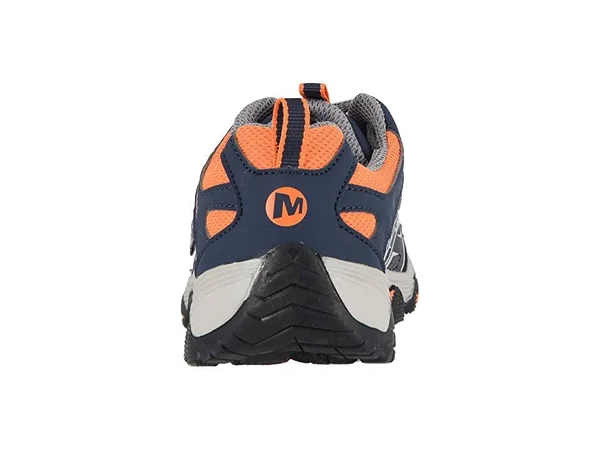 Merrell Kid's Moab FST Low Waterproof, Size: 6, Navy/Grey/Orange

□ □ □ □

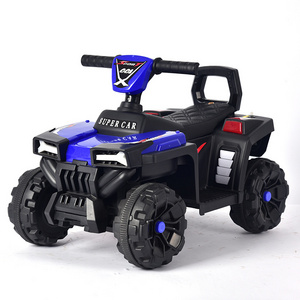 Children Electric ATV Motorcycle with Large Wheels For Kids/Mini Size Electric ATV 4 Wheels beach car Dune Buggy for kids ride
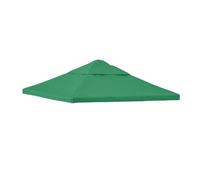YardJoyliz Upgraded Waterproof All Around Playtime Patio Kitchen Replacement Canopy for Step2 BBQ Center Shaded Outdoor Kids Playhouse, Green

□ □ □ □

__Exercise details__. Repeat exactly the lines above, from the line that contains "Children Electric ATV" down through the line that contains "YardJoyliz Upgraded Waterproof". Include both of those lines and none of the pictures.

__Written response__.
 Children Electric ATV Motorcycle with Large Wheels For Kids/Mini Size Electric ATV 4 Wheels beach car Dune Buggy for kids ride
YardJoyliz Upgraded Waterproof All Around Playtime Patio Kitchen Replacement Canopy for Step2 BBQ Center Shaded Outdoor Kids Playhouse, Green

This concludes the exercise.